Platform services revenues also surged year-on-year with the acquisition of sports betting supplier Sportnco. The business recorded his €7.3 million in revenue from platform services, reversing the quarterly decline prior to the acquisition.
GiG CEO Richard Brown said one of the main benefits of the acquisition is that it opens up more opportunities in the sportsbook-driven US market. After closing the deal, the supplier took on sportsbook-led deals such as Maryland-based Crab Sports.
“Historically, we’ve been obsessed with gaming and casinos, but only in a few states,” says Brown. “But now that sportsbooks are of such high quality, we can take it further.”
The GiG board said the acquisition has already increased demand for GiG services.
“The increase in business offerings following the acquisition of Sportnco has led to increased interest in combined solutions from both new and existing customers,” said the board.
“The majority of our current sales pipeline is focused on integrated product offerings, and after a quarter of full collaboration, we are off to a strong start.”

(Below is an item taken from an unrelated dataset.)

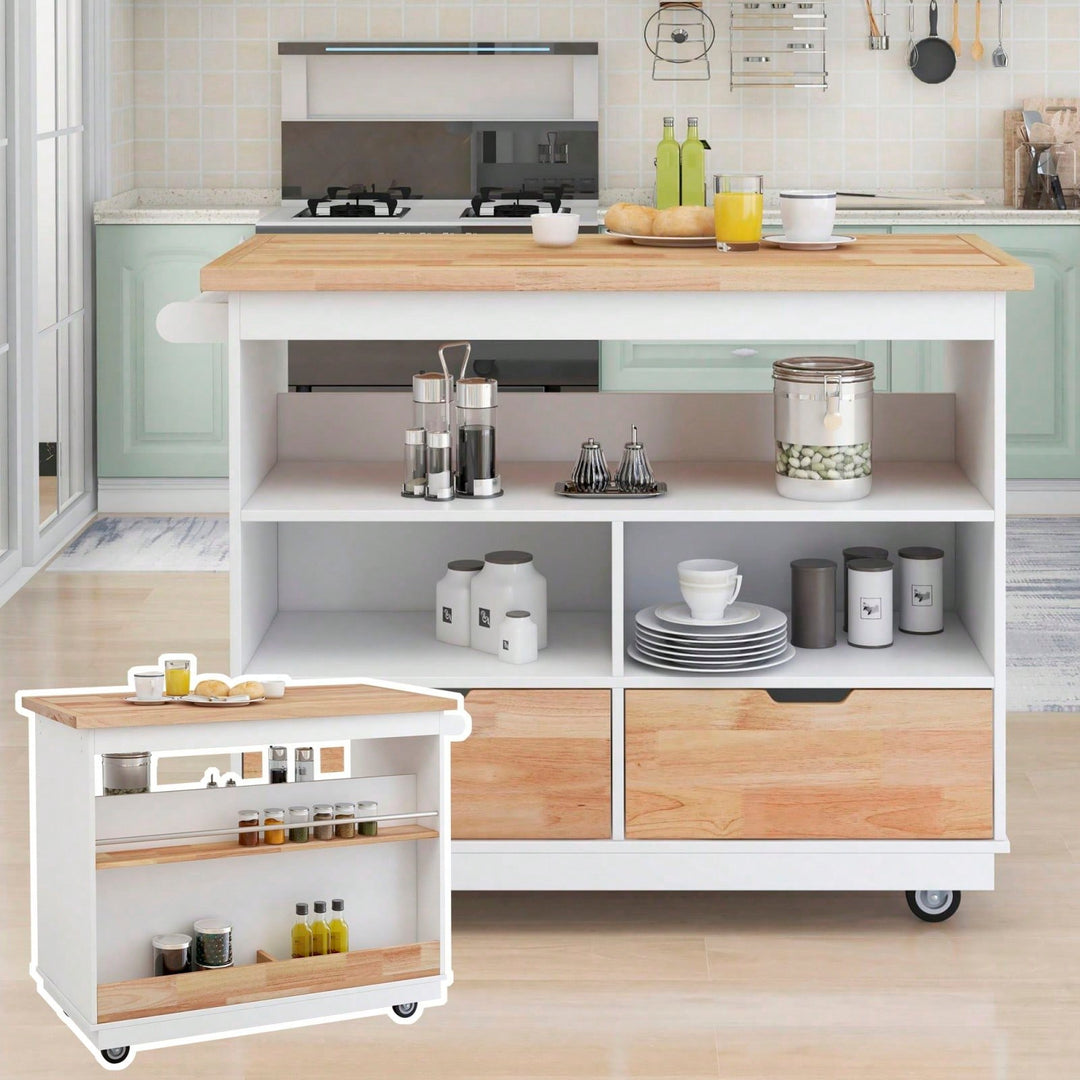 Mobile Kitchen Island Cart with Storage and Wood Top - Rolling Two-Sided Cart with Wine Rack, Spice Rack, Drawers and Image 5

GiG also said that if the full operation of its only remaining white label client, SkyCity, were counted as revenue, the supplier would have generated €11.7 million in platform services revenue and €26.5 million in overall revenue. says. Instead, however, GiG counts only a percentage of the revenue received as its own revenue, in accordance with standard white label accounting practices.
The cost of goods sold was €227,000 and the gross margin was €22.9 million. After deducting marketing and other operating expenses, GiG reported his EBITDA at €7.7 million, an increase of 47.4% for him.
However, due to higher depreciation and amortization, profit before interest and tax increased slightly to €2.4 million. The business also incurred his €2 million interest expense, most of which was offset by foreign exchange, leaving GiG with net income from his €2 million of continuing operations.
long term plan
Given GiG’s improved cash position as a result, Brown said the business is looking to pursue more mergers and acquisitions, especially given the various areas where a deal could make sense. Said it could be pursued.
“We believe there will be strong cash considerations and cash exchanges over the next few years,” he said. “If an M&A adds value, we pursue it. One of GiG’s strengths is that it is strong in multiple areas, so there are many areas where M&A can emerge.”
Looking ahead, GiG maintained its revenue guidance of between €87m and €90m this year, but with an improved long-term outlook.
The business previously expected double-digit organic annual revenue growth and an EBITDA margin of 40% through 2025. However, it now expects revenue growth of around 20% and his EBITDA margin of 50% by 2024.
The margin improvement is partly due to cost-cutting measures on the platform side of the business, with an estimated savings of €8 million. Of this total, synergies from the deal with Sportnco amount to around €6 million.
This suggests that by 2024, before the impact of new acquisitions, it expects revenues of approximately €130 million and EBITDA of approximately €65 million.
As a result, GiG’s stock price soared. After closing yesterday (15 Aug) at SEK19.71 (£1.58 / €1.87 / $1.90), he reached SEK21.68 at the time of writing, up 10.0%.